Start the copy at the line containing "TKA'da bayrak deiimi...." and run it through the last line of the records. Repeat each line exactly; omit pictures.

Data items
--------------------------------

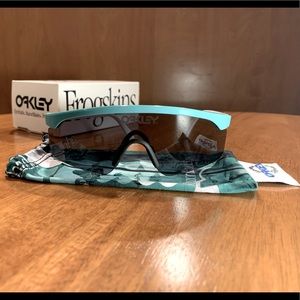 Limited Edition Oakley Razor Blades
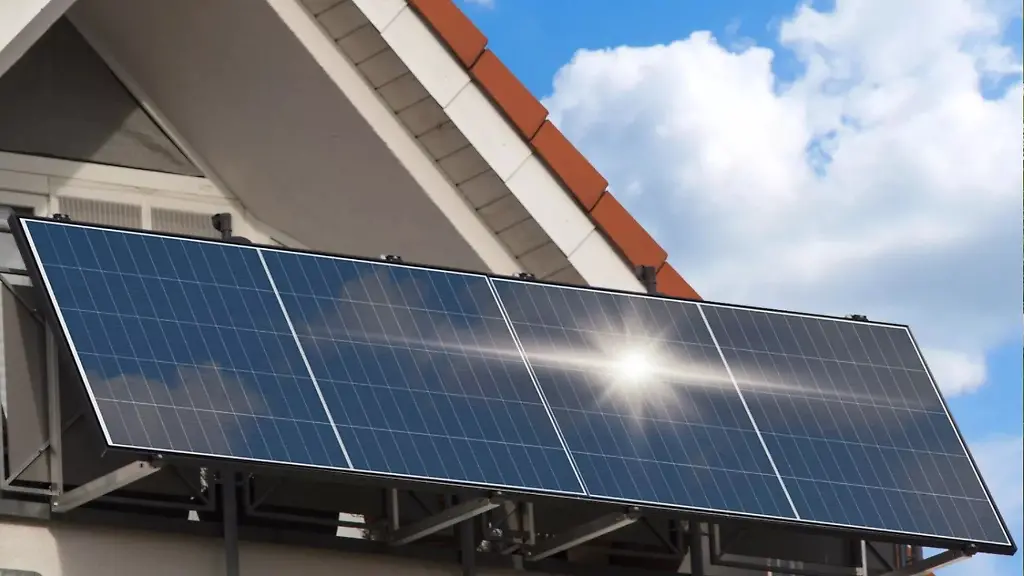 Balkonkraftwerke-sind-eine-hervorragende-Moeglichkeit-die-eigene-Stromversorgung-nachhaltig-zu-gestalten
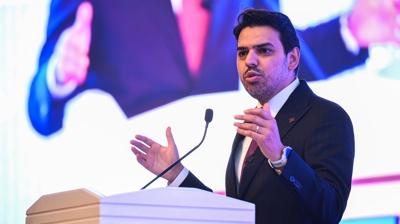 TKA'da bayrak deiimi.... Bakanlk grevine Abdullah Eren getirildi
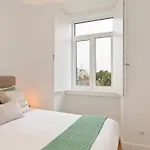 Modern Portuguese 1bed flat in Belém
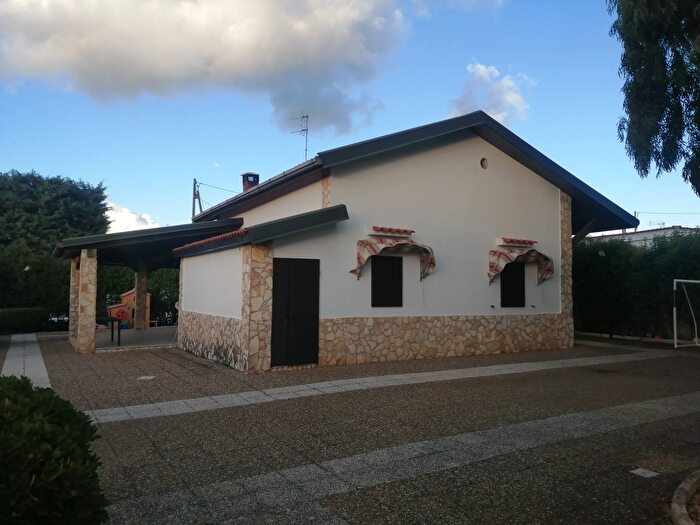 Casa trilocale in vendita in Strada Esterna Piede Piccolo, Corato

--------------------------------

> [Answer to this task]:
 TKA'da bayrak deiimi.... Bakanlk grevine Abdullah Eren getirildi
 Modern Portuguese 1bed flat in Belém
 Casa trilocale in vendita in Strada Esterna Piede Piccolo, Corato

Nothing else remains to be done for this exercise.